> [Problem to work on] Copy nothing but the line with "33 Larrison Road" and the lines that follow it to the end of the entries below, and keep the pictures out.

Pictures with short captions
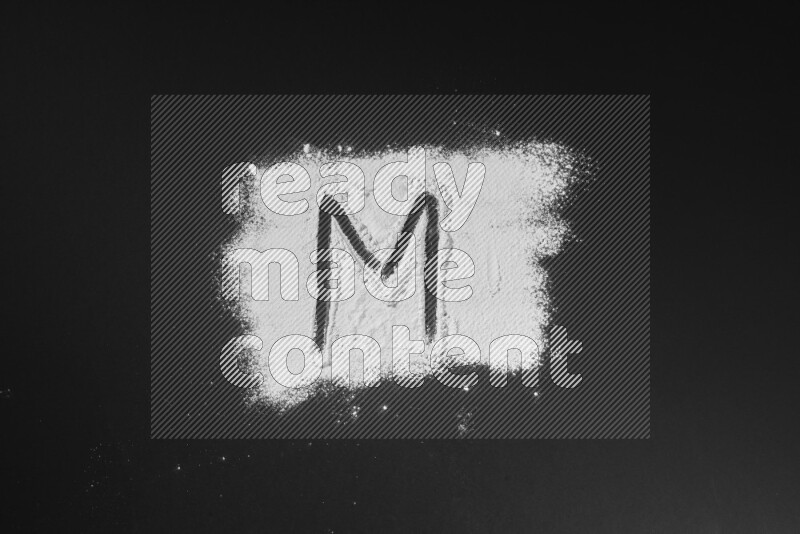 Alphabets written with powder on black background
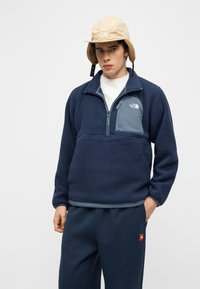 Mladý muž s béžovou zimnou čiapkou a tmavomodrou fleecovou bundou so zipsovou kapsou, stojaci s jednou rukou v kapse na jednoduchom pozadí.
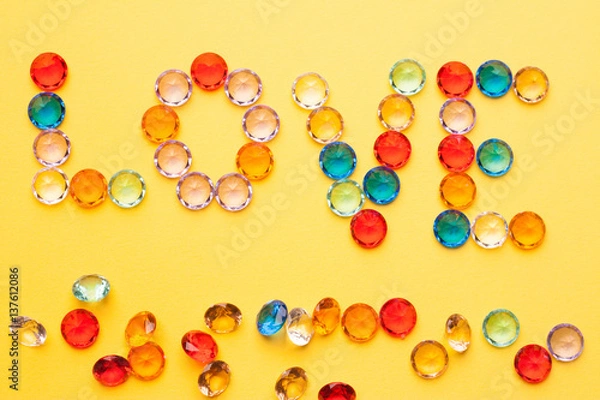 Fototapeta an inscription from multi-colored stones on a yellow background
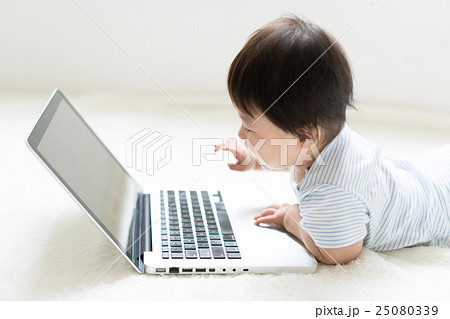 赤ちゃん ノートパソコン 興味 触るの写真素材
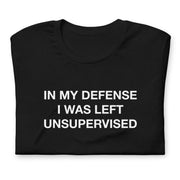 Folded "In my defense, I was left unsupervised" t-shirt available in black, part of the "Funny" collection.
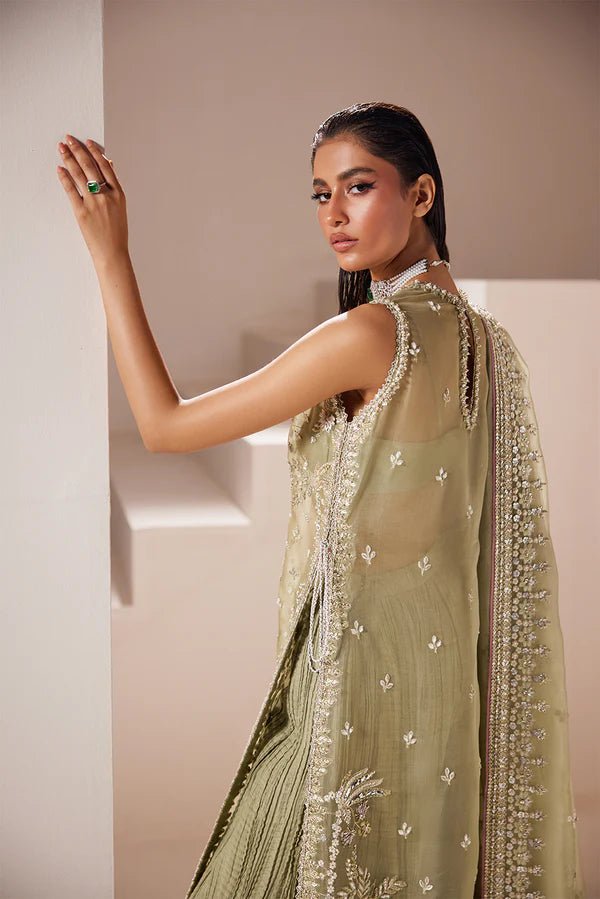 Model wearing Soraya Celeste dress in sage green from the Oriana Luxury Formals collection, ideal for weddings, available for Pakistani clothes online in the UK.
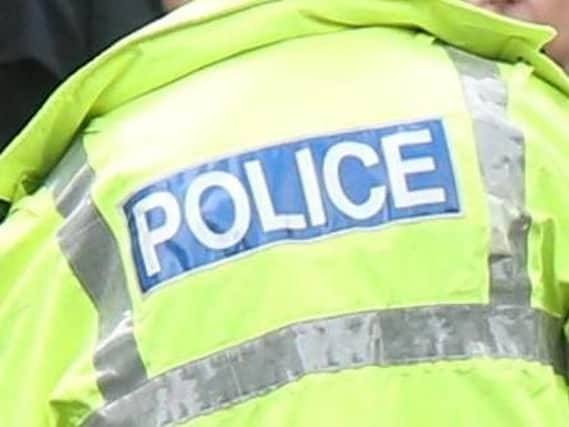 Police officers are hunting for the robber following an attack in Waterlooville on Friday.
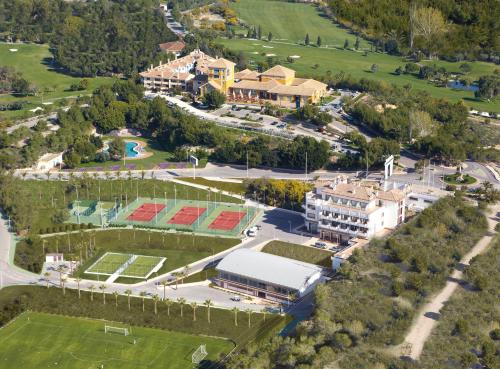 an aerial view of a building with a park at Hotel Golf Campoamor in Dehesa de Campoamor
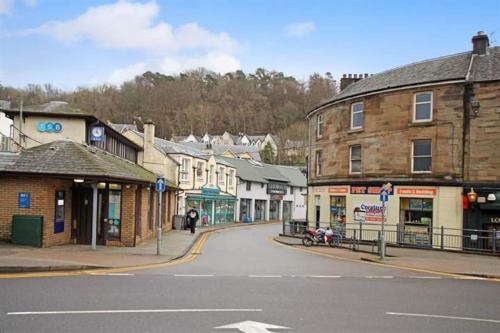 an empty street in a small town with buildings at The Creek-Stone Den in Oban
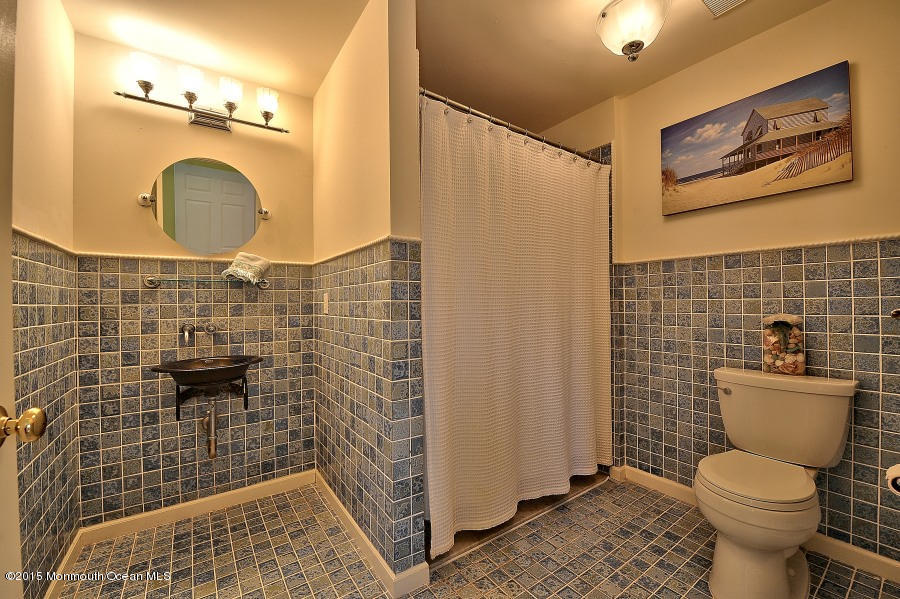 33 Larrison Road Wrightstown, NJ 08562 - Photo 29 of 35 a bathroom with a toilet and a shower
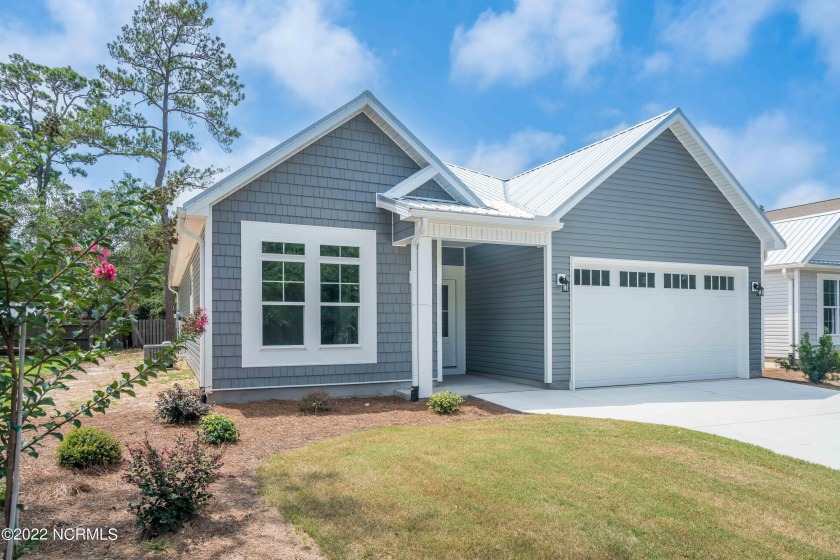 This stunning new construction home is 1489 heated sqft of - Beach Home for sale in Oak Island, North Carolina on Beachhouse.com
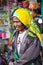 Papuan woman in a bright yellow turban on the market in Wamena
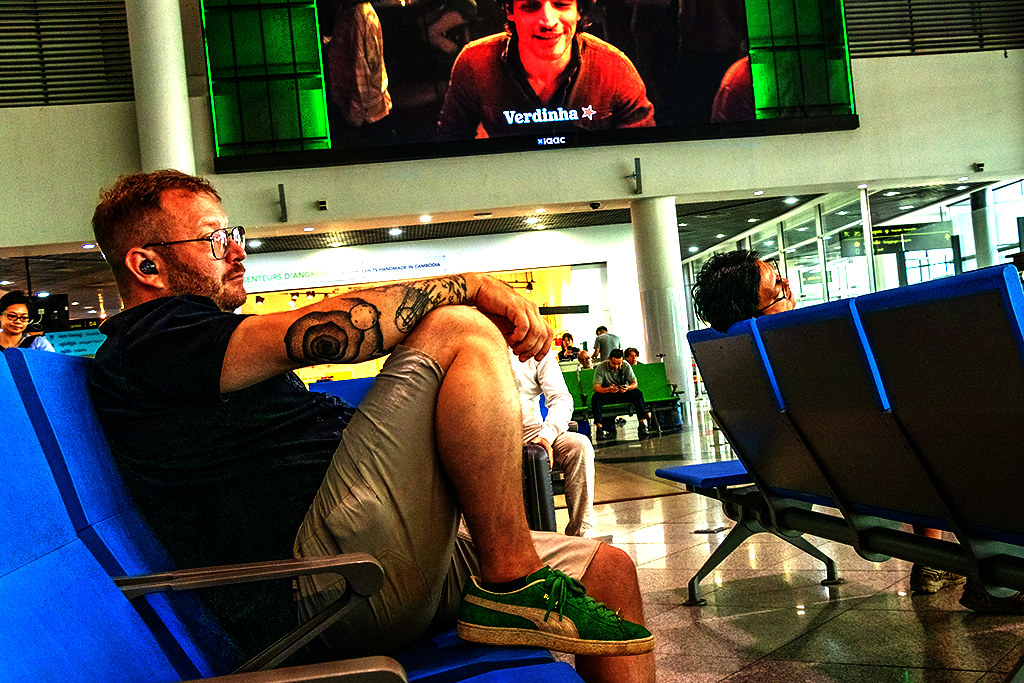 Tattooed white man listening to music with foot on seat at airport on 4-8-24--Phnom Penh copy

> [Answer box]
 33 Larrison Road Wrightstown, NJ 08562 - Photo 29 of 35 a bathroom with a toilet and a shower
 This stunning new construction home is 1489 heated sqft of - Beach Home for sale in Oak Island, North Carolina on Beachhouse.com
 Papuan woman in a bright yellow turban on the market in Wamena
 Tattooed white man listening to music with foot on seat at airport on 4-8-24--Phnom Penh copy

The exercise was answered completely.